さらに、物事や経験に数字を当てはめる行為を繰り返す回数が増えるにつれて、時間とともにその数字は低くなっていく傾向が見られる。
例えば、[[Netflix]]の数十万件にのぼる映画評価を分析したところ、同じ人が新しい映画を採点していくたびに、高い数字を選ぶ確率がわずかずつ下がっていったという。
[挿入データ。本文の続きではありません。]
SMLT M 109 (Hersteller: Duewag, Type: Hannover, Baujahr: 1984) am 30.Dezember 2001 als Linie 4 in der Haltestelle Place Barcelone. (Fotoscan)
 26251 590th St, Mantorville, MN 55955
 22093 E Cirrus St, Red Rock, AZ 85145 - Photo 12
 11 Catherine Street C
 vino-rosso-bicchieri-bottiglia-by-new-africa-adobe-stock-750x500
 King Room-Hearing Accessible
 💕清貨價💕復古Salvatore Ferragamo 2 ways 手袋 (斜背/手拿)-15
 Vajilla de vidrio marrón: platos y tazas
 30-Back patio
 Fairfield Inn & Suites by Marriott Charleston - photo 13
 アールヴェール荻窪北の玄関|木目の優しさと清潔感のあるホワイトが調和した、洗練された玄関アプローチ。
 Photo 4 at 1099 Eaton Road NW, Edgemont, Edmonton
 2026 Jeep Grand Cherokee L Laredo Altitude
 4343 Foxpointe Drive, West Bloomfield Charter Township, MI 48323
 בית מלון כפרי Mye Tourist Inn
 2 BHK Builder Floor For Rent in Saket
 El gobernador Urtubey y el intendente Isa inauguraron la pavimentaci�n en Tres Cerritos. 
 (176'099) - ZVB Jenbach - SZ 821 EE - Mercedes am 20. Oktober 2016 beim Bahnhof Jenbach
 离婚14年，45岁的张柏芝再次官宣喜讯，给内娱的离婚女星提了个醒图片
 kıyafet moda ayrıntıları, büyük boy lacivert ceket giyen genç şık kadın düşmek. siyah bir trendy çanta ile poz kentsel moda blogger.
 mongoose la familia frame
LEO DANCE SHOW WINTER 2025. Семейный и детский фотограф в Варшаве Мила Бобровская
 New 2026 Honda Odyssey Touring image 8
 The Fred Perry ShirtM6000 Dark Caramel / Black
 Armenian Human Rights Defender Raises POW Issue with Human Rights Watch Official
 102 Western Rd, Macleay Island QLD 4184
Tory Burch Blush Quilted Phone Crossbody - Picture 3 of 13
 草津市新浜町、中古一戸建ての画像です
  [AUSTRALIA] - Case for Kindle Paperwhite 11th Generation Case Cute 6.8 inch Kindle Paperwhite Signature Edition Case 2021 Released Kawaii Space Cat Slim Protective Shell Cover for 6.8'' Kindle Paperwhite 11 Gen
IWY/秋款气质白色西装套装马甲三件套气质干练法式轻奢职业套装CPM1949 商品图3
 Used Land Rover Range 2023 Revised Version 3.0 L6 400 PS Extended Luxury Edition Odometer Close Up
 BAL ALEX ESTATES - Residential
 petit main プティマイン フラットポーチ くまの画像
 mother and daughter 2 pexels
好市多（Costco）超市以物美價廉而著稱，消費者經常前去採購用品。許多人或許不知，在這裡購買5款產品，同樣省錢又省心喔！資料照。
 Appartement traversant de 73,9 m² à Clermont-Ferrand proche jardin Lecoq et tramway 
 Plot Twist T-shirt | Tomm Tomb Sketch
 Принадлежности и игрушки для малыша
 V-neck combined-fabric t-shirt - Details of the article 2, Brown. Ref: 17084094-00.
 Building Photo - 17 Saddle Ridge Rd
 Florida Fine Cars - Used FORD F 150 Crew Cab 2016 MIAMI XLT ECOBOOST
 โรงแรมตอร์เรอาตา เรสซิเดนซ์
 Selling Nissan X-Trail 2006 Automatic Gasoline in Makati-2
私たちは個々の経験を比較すればするほど、どの経験も特別なものとして目立つことが難しくなり、高得点が減っていく。そういうふうに基準点は少しずつ移動していき、一年前にある数字を付けた経験が、現在はそれよりも低い数字をつけざるを得なくなるなんてことも。そうして、はじめは楽しかったはずの経験も、最後には少しも楽しく感じられなくなってしまうこともある。
長年、100点満点でエロゲーを採点してきた私もこの感覚には身に覚えがあったため、この辺りの話には共感しかなかった。
そして、私がつけた採点は他者の経験にもお節介な影響を与えうる。
著者は数百人の人たちに新製品の板チョコを試食してもらう実験を行った。参加者を半分に分け、実際にチョコレートを味わう前に、半数には他の人たちの評価の平均が10点のうち5点に満たない低い値を、残る半分には他の人たちの評価の平均値は5点よりずっと高いと知らせた。それを聞いた後、参加者は実際に自分でチョコレートを味わって採点した。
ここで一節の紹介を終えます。